Exercise prompt –
Once the line containing "Adjustable Shelves, Walnut" is found, please copy it and all lines after it through the end of the records, exactly, leaving out pictures.

Dataset records:
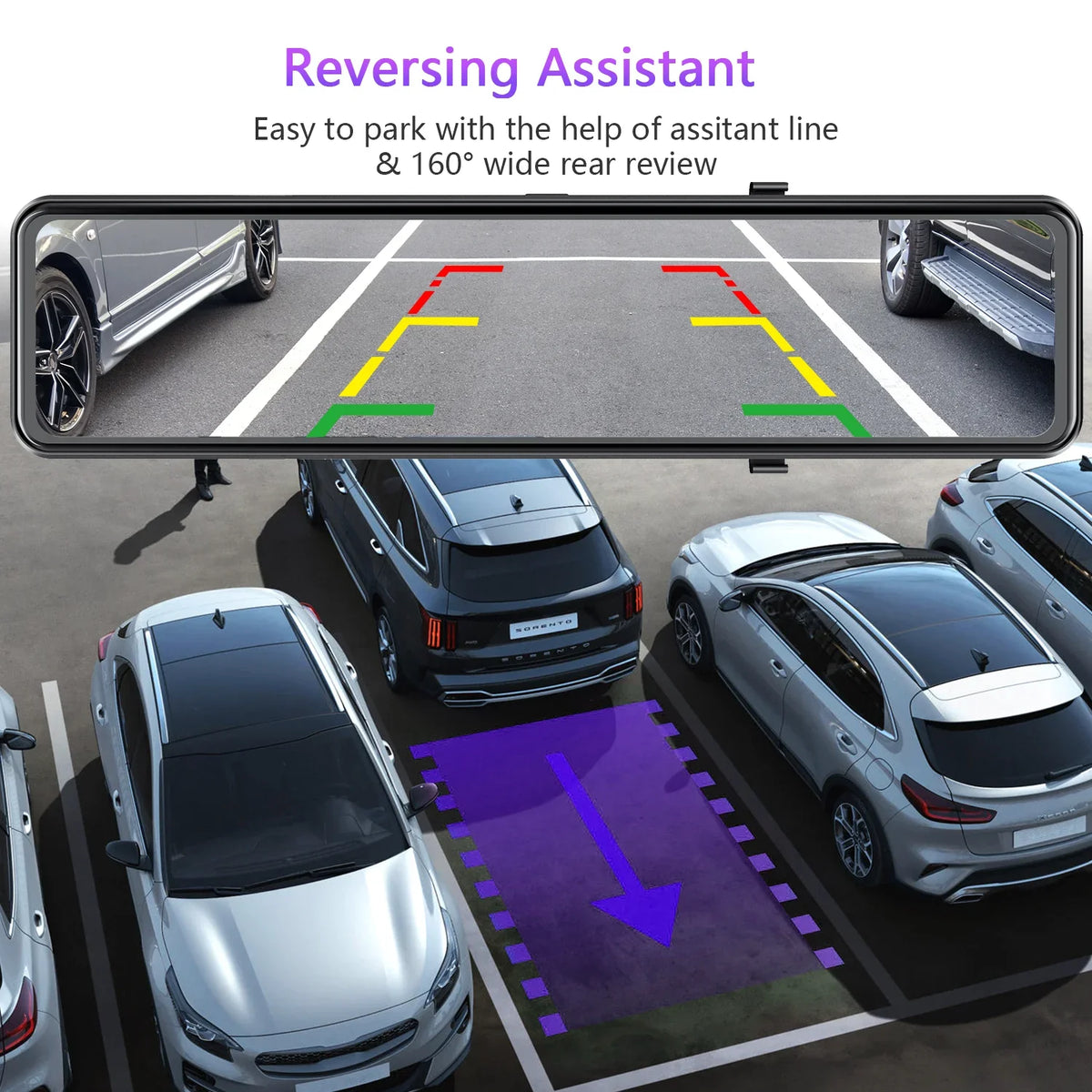 TOGUARD Rear View Mirror Camera, 12" Touch Monitor 4K+1080P Front and Rear Dash Cam, Parking Assist, Parking Monitoring, GPS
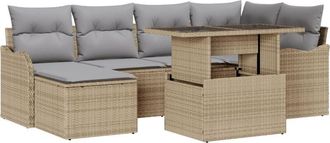vidaXL Garden Sofa Set with Cushion 7 pcs Beige Poly rattan Vidaxl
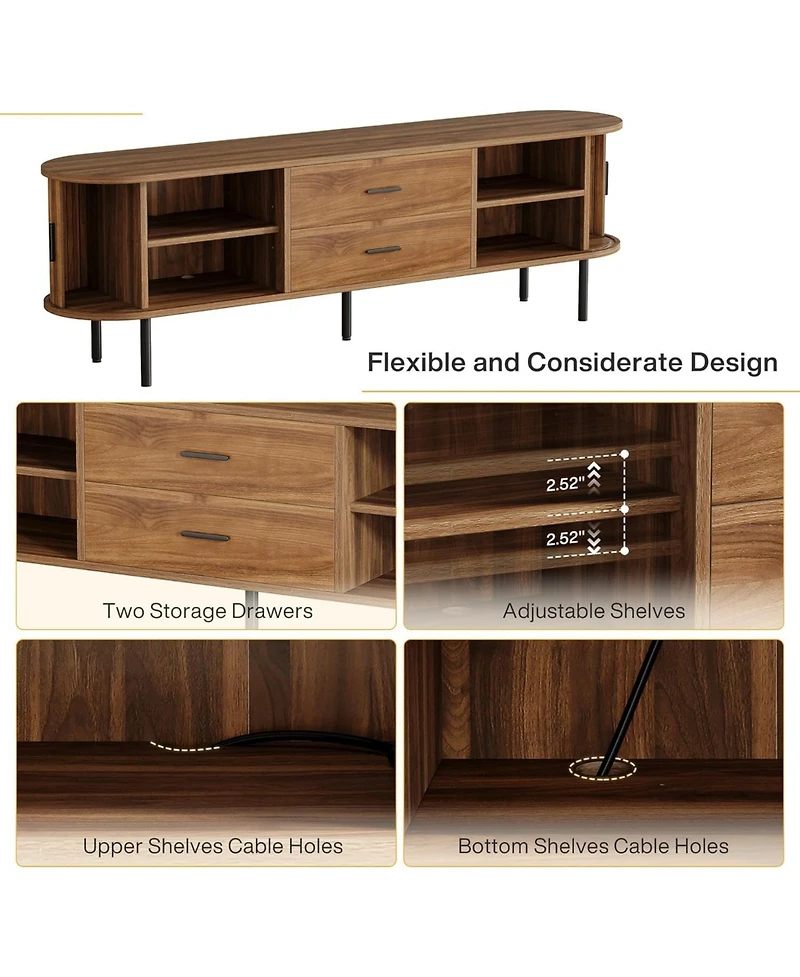 Tribesigns 70" Mid-Century Modern Tv Stand for 75" Tv, Fluted Entertainment Center with Sliding Tambour Doors, Drawers and Adjustable Shelves, Walnut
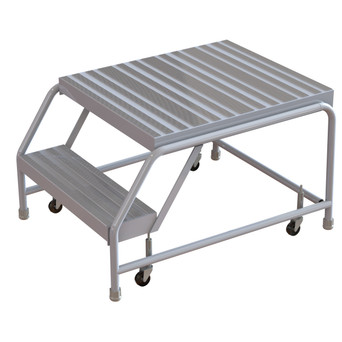 Tri-Arc WLAR002164-d5 2-step Mobile Aluminuminum Step Stool With 28'' Ribbed Deep Top Step, 16-inch Wide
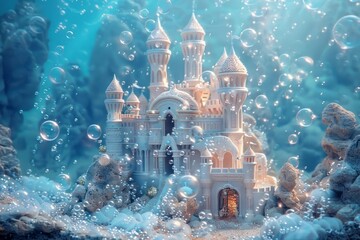 Underwater castle made of bubbles, mermaid friends, treasure hunts, aquatic fantasy - obrazy, fototapety, plakaty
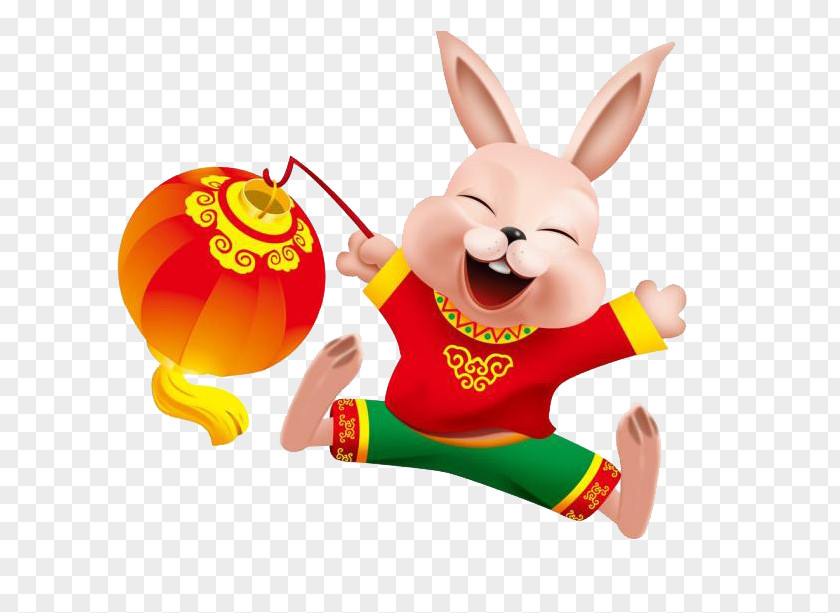 Spring Festival Lanterns And Rabbit Chinese Zodiac Rat Pig Rooster PNG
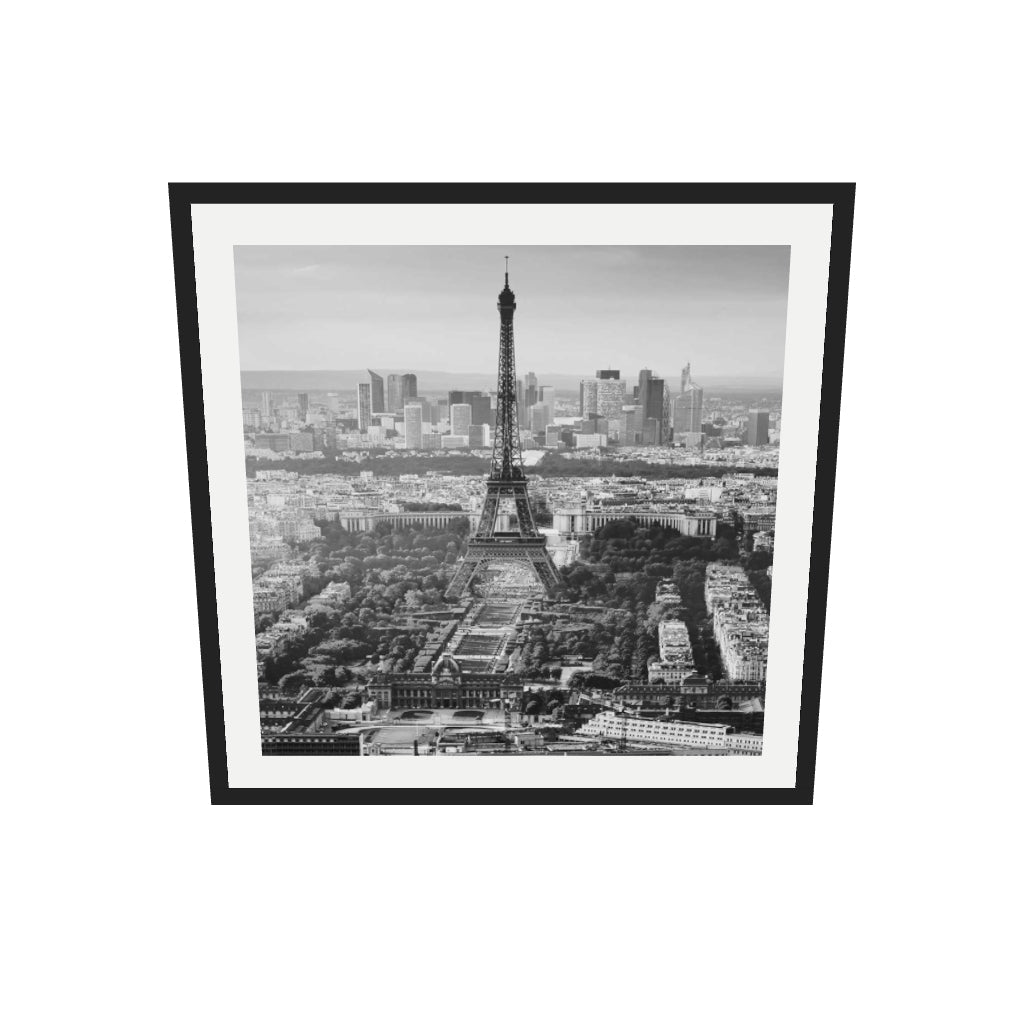 [ah-ar-v1:babcd0fda0ddb92e562deded] Eiffel Tower Monochrome Framed Art Print — 70 x 70 cm, black frame (AR scale)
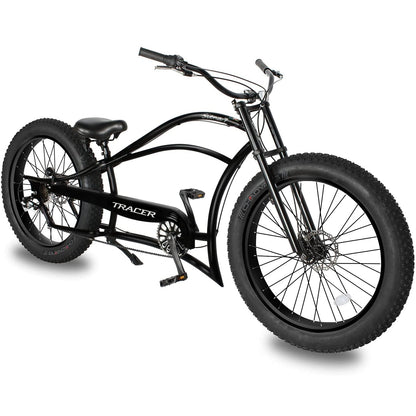 Tracer 26" Siena Chopper Stretch Cruiser Fat Tire Bike - MB-SIENA-M-BK/PLS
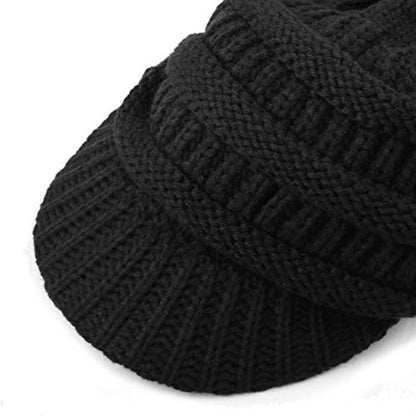 The Hat Depot - Visor Beanie Unisex Winter Knit Skull Beanie with Brim Hat - color: 1. Navy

Response to this exercise –
 Tribesigns 70" Mid-Century Modern Tv Stand for 75" Tv, Fluted Entertainment Center with Sliding Tambour Doors, Drawers and Adjustable Shelves, Walnut
 Tri-Arc WLAR002164-d5 2-step Mobile Aluminuminum Step Stool With 28'' Ribbed Deep Top Step, 16-inch Wide
 Underwater castle made of bubbles, mermaid friends, treasure hunts, aquatic fantasy - obrazy, fototapety, plakaty
 Spring Festival Lanterns And Rabbit Chinese Zodiac Rat Pig Rooster PNG
 [ah-ar-v1:babcd0fda0ddb92e562deded] Eiffel Tower Monochrome Framed Art Print — 70 x 70 cm, black frame (AR scale)
 Tracer 26" Siena Chopper Stretch Cruiser Fat Tire Bike - MB-SIENA-M-BK/PLS
 The Hat Depot - Visor Beanie Unisex Winter Knit Skull Beanie with Brim Hat - color: 1. Navy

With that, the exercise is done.